Uscito di scena nel 1979, all’alba della Rivoluzione islamica, non ha mai fatto ritorno in patria. Ma ha continuato, dall’esilio, a costruire un profilo da oppositore del regime teocratico. Dopo essersi laureato in Scienze Politiche alla University of Southern California, Pahlavi ha intrapreso la carriera da pilota militare, arrivando a offrire i propri servigi all’aeronautica iraniana durante la guerra con l’Iraq. Un’offerta ovviamente rifiutata dal regime khomeinista, ma che segnò simbolicamente la sua volontà di non recidere il legame con il popolo iraniano.
Negli anni ha costruito un’attività politica parallela a quella dei gruppi di opposizione: più centrata sulla comunicazione, sulla promozione dei diritti umani e su un’idea di Iran post- teocratico fondato su principi repubblicani. Il suo sito personale, ricco di riferimenti ai valori della laicità e della sovranità popolare, è un manifesto contro la Repubblica islamica: inviti alla disobbedienza civile, richieste di referendum per determinare il futuro istituzionale del Paese, e soprattutto un’idea chiara di separazione tra religione e Stato.
Lui stesso ha ribadito più volte di non aspirare al ritorno della monarchia — pur senza rinnegarne il significato storico — ma di volersi mettere al servizio di una transizione politica. Non a caso, ha sempre rifiutato il titolo di Scià, preferendo quello di “cittadino iraniano in esilio”. Fino a tempi recenti, Pahlavi ha mantenuto una posizione ferma contro qualsiasi forma di intervento militare straniero per provocare un cambio di regime. Ha sempre sostenuto che la trasformazione dovesse venire dal basso, dal popolo iraniano. Ma la nuova fase aperta dal conflitto con Israele sembra aver accelerato i tempi e mutato i toni. Senza più escludere scenari in cui un collasso repentino del sistema lasci spazio a un governo provvisorio, Pahlavi si è detto pronto a mettersi a disposizione per guidare il Paese in un momento di transizione. «Sono pronto a servire l’Iran — ha dichiarato — se e quando il popolo me lo chiederà».

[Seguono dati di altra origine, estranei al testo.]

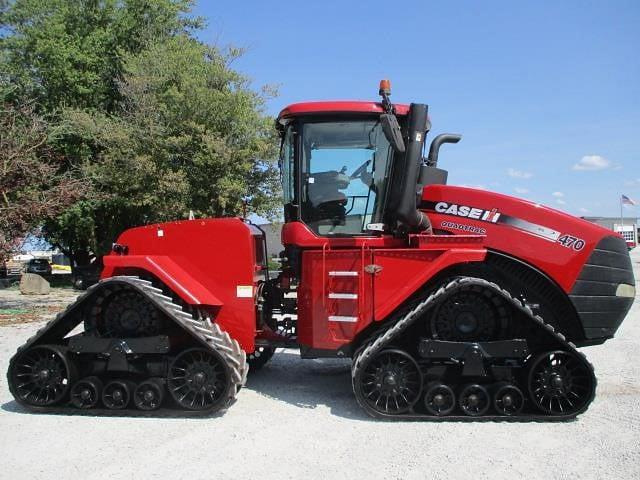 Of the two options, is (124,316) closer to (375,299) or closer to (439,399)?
(375,299)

Il suo profilo, agli occhi di alcune potenze occidentali, appare rassicurante. È contrario al nucleare iraniano — che considera un rischio esistenziale sia per la regione sia per il futuro stesso dell’Iran — e si è espresso in termini duri contro l’uso strumentale della religione a fini politici. In uno dei suoi interventi più citati, ha ammonito: «I fanatici al potere, consapevoli che il loro tempo sta finendo, potrebbero cercare di chiudere la loro parabola con un gesto estremo. Anche un olocausto nucleare». Un’allusione cupa, che ha fatto breccia tra le diplomazie occidentali e ne ha rafforzato il ruolo di interlocutore.
Certo, la sua figura non è priva di ambiguità. L’eredità del padre — lo Scià Mohammad Reza Pahlavi — resta controversa. Se da un lato Reza Ciro ha sempre elogiato il progetto di modernizzazione, secolarizzazione e apertura all’Occidente del passato regime, dall’altro ha dovuto fare i conti con gli abusi e le repressioni compiute dalla famigerata polizia segreta, la SAVAK. In un’intervista, ha tentato un difficile equilibrio: «Sì, ci sono stati abusi. Ma non era politica di Stato. I prigionieri politici? Molti erano i futuri ostaggiatori dell’ambasciata americana, i mandanti degli attentati ai marines in Libano, o i dirottatori degli aerei civili». Una dichiarazione che cerca di contestualizzare, ma che non cancella del tutto il peso del passato. È proprio questa eredità, ambivalente, a rendere ancora incerta la sua candidatura a guida della nuova fase iraniana. Da un lato, rappresenta un’alternativa laica e ben vista a livello internazionale, capace di parlare tanto a Teheran quanto a Washington o Bruxelles. Dall’altro, il solo fatto di portare il cognome Pahlavi suscita sospetti e diffidenze, in una società che ha ancora ferite aperte e memorie vive.
Il futuro resta incerto, ma se il regime dovesse crollare — per pressione interna o per effetto della guerra — è plausibile che il nome di Reza Pahlavi emerga come una delle possibili soluzioni. Non per un ritorno al passato, ma come figura di garanzia in una transizione che si annuncia lunga, fragile e complessa. In un Iran che potrebbe trovarsi presto senza guida, senza istituzioni funzionanti e senza una visione comune, la sua presenza potrebbe servire, se non altro, a evitare il vuoto.